SHAMAN is a promising approach for identifying small-molecule binding sites in RNA structural ensembles. It provides a foundation for future drug design efforts targeting RNA with small molecules, effectively addressing the long-standing challenges in the field. The accuracy, reliability, and versatility of SHAMAN in identifying small-molecule binding sites across diverse RNA systems highlight its potential value in the field. By integrating SHAMAN in virtual screening pipelines, we aim to create an advanced platform for the rationalization of RNA-targeting molecules.SHAMAN is a computational method for identifying potential small-molecule binding sites in RNA structural ensembles. It combines atomistic molecular dynamics simulations with enhanced-sampling techniques to explore RNA conformational landscapes and efficiently identify RNA pockets. SHAMAN was benchmarked on a set of biologically relevant RNA targets, including large, structured riboswitches and small, flexible viral RNAs. It successfully identified all experimentally resolved pockets and ranked them among the most favorable probe hotspots. SHAMAN addresses the challenges of RNA dynamics by considering both local and global flexibility, making it a valuable tool for rational drug design targeting RNA with small molecules.

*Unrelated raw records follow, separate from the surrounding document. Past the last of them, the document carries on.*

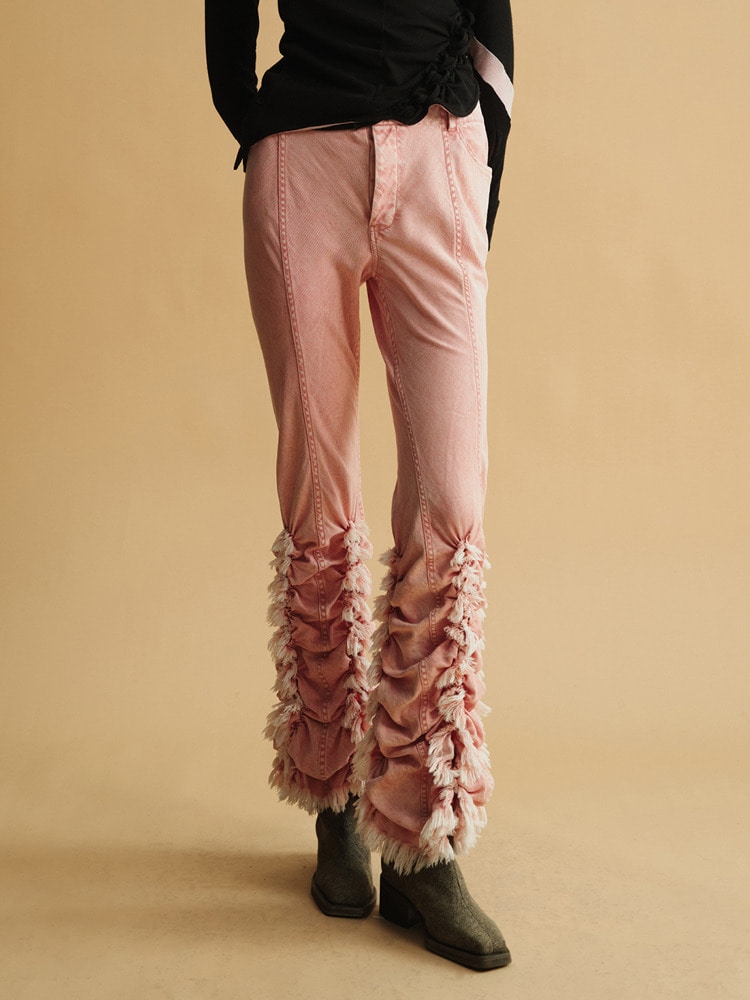 PINK “GRAZE” SMOCKED &amp; FRAYED DENIM TROUSERS  폰더럴 핑크 &quot;그레이즈&quot; 스모크 &amp; 프레이 데님 트라우저 - 아데쿠베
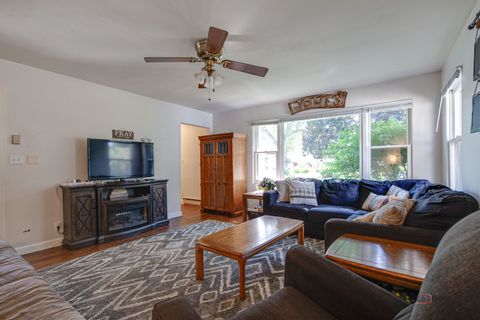 Tiny photo for 1113 Franklin Avenue, Winthrop Harbor, IL 60096 (MLS # 12453201)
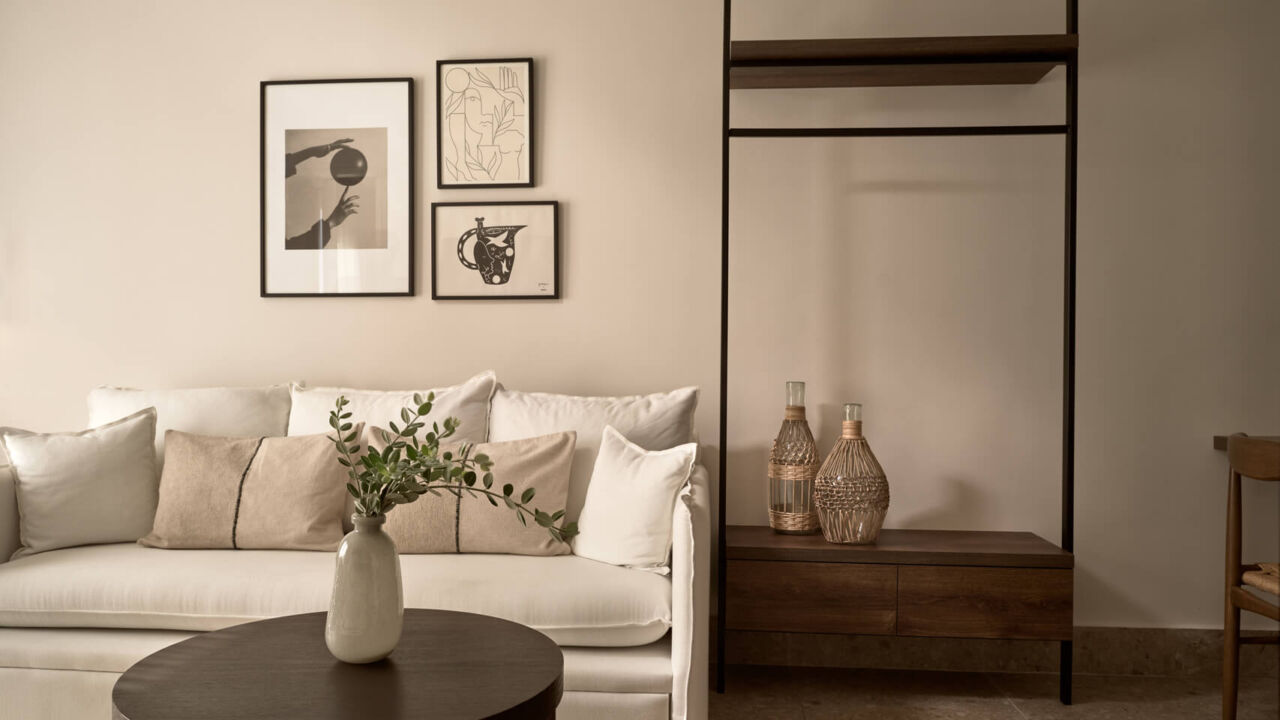Asterion Suites room sitting area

RNA molecules, once thought to be only carriers of genetic information, now perform diverse biological functions, including regulating protein synthesis and defending against foreign nucleic acids. Targeting RNA with small molecules is emerging as a promising strategy for treating diseases such as cancer, viral infections, and neurodegenerative conditions. However, the dynamic nature of RNA and limited understanding of its structural and dynamic properties hinder rational drug design. SHAMAN overcomes these challenges by using small probes and metadynamics-enhanced sampling to explore RNA conformational changes and identify binding sites.
SHAMAN was tested on 7 biologically relevant systems, including riboswitches and viral RNAs. It successfully identified all experimentally resolved binding sites and ranked them among the most probable SHAMAPs. The accuracy of SHAMAN was evaluated by comparing the distance between SHAMAPs and experimental binding sites. The results showed that SHAMAN's SHAMAPs were closely aligned with experimental binding sites, with an average distance of 3.8 Å and 4.4 Å for holo-like and apo cases, respectively.
The probes used in SHAMAN simulations were analyzed to understand their relation to physico-chemical features of RNA pockets and small molecules. Aromatic probes showed a preference for exploring deep cavities, while non-aromatic probes explored shallow pockets. SHAMAN was compared with other tools for small-molecule binding site prediction, and it outperformed them in terms of accuracy and precision. The method was tested on two case studies: the FMN riboswitch and the HIV-1 TAR element. SHAMAN successfully identified both binding modes of the FMN riboswitch and the cryptic binding pocket in the HIV-1 TAR element.
SHAMAN is a promising approach for identifying small-molecule binding sites in RNA structural ensembles. It provides a foundation for future drug design efforts targeting RNA with small molecules, effectively addressing the long-standing challenges in the field. The accuracy, reliability, and versatility of SHAMAN in identifying small-molecule binding sites across diverse RNA systems highlight its potential value in the field. By integrating SHAMAN in virtual screening pipelines, we aim to create an advanced platform for the rationalization of RNA-targeting molecules.